Like so many of the existing forces, the history behind the Overlords is one of failure and survival. Even in the wake of the End Times and Sigmar's crusade, this was a faction born out of necessity, scraping together what little they had left and surviving by almost any means necessary. While it's an idea which has been done to death by Games Workshop, it's one they do exceptionally well, and this is certainly no different. In this particular case, the opening lines note how the Overlords adapted, developed and reworked their society once the last of the Mountain Kingdoms fell to the relentless assaults by Chaos. At this time, what was the Overlords powerbase were little more than airborne mining stations, small forts and installations, all of which quickly became overrun by refugees.
Because of this overpopulation and situation, each was forced to adapt and alter what they had on hand, turning their locations into vast airborne ports which rose up into the heavens to escape Chaos. Desperately focusing upon enhancing their technology and bolstering their strength through newfangled designs, the dwarfs' marvels reached a new level, rapidly turning them into the most technologically advanced force in the setting. Building fleets of airborne ships, they now hunt to make trading pacts to ensure their future and seek out the resources they need to keep their homes aloft.
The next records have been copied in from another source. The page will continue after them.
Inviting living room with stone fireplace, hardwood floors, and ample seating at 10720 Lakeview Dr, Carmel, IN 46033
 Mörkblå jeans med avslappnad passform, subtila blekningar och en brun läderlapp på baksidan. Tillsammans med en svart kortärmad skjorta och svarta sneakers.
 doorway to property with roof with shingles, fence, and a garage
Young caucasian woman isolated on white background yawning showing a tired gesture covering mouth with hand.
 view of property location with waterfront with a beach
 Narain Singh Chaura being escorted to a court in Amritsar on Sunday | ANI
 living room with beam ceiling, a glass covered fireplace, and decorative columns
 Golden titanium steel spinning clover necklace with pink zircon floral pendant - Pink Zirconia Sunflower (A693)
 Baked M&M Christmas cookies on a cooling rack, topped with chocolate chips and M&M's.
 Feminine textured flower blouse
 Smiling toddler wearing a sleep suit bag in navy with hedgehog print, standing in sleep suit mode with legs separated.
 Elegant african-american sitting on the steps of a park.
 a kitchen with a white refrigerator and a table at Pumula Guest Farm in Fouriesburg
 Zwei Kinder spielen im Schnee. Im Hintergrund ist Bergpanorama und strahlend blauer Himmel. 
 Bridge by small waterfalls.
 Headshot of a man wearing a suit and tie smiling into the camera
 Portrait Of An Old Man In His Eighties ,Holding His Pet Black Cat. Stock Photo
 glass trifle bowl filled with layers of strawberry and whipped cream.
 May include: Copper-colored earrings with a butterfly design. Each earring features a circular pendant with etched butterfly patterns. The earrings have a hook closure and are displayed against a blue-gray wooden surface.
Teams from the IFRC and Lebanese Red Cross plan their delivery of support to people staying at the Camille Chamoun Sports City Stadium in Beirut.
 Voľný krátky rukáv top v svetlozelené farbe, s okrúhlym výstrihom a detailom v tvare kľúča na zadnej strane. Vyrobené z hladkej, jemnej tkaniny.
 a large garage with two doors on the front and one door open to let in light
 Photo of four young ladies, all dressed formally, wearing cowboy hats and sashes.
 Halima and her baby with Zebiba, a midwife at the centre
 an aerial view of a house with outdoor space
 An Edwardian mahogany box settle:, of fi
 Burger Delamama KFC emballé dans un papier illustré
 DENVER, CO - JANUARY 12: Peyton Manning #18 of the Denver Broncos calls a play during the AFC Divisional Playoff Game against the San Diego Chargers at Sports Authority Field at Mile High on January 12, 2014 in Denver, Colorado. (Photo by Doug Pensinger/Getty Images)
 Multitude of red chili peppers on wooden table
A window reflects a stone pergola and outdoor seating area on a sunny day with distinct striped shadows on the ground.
This background is simple, direct and used exceptionally well, as it explains away why we see shades of old dwarf ideas here. They're culturally mixed up and had part of their society reworked as much out of displaced populations as the sheer necessity of survival. In a bad book this would often be used to simply say "Well, we're keeping this bit but not everything else" without adapting or explaining anything. In this one though, someone clearly put a lot of thought into this society.
Take grudges for example, which still hold an important place among the Overlords and they will retain them until the end of time. However, the struggling initial years have forced them to alter their views on how best to approach them. Rather than, as the old dwarfs did, amassing huge armies to resolve a few grudges, and then writing down yet more grudges based upon the casualties, these are put on hold. If it is beneficial to follow them, as much to their coffers as their population, they will immediately chase after it, but if they feel it would only harm them, they will hold off for a time. A few examples are cited and, while it doesn't refer to it by name, part of it implies that this system is in place to specifically help avoid the likes of the War of the Beard, or anything which might doom their society. Yet, this is not universal, as some factions barely pay attention to grudges, while others will zealously record and follow them as needed.
Equally, the Overlords' nature and position was used to only enhance their love of profit and gold. Scavenging, desperation and a lack of the necessary metals are all obvious ones, but thanks to the long isolation this evolved to become their primary focus. So, politically each dwarf's standing is judged by his wealth and personal horde more than anything else, but socially it resembles a meritocracy, where helping society and others is the only way to truly rise above your station. It's certainly an interesting combination of elements to work with, giving them shades of the old brotherhood and close ties which made the dwarves stand out, but at the same time giving them an excuse to go full Ferengi as needed. The book even makes it clear that, while they are on the side of the angels, they're also in it for the loot. As a result they are willing to start a few skirmishes for personal profit, adding a shade of grey to their society.
The subject of trade and negotiations is the key driving force behind this entire army. While the book doesn't perform a truly in-depth look into this subject, it does lay down the foundation for just why and how such negotiations are handled, and their more open nature forwards even former foes. This partially ties into the subject of grudges (noting it is bad to start them with profitable partners, until you're in a very beneficial position yourself) but also with segments covering how they deal with lesser forces. For example, the Overlords might lay claim a mountain filled with treasures to claim them for themselves, driving off anyone performing a ritual there or attempting to claim it for themselves. Yet once they've done their business they will try to approach those same people to strike up a fair trading deal with them, with no ill will despite this.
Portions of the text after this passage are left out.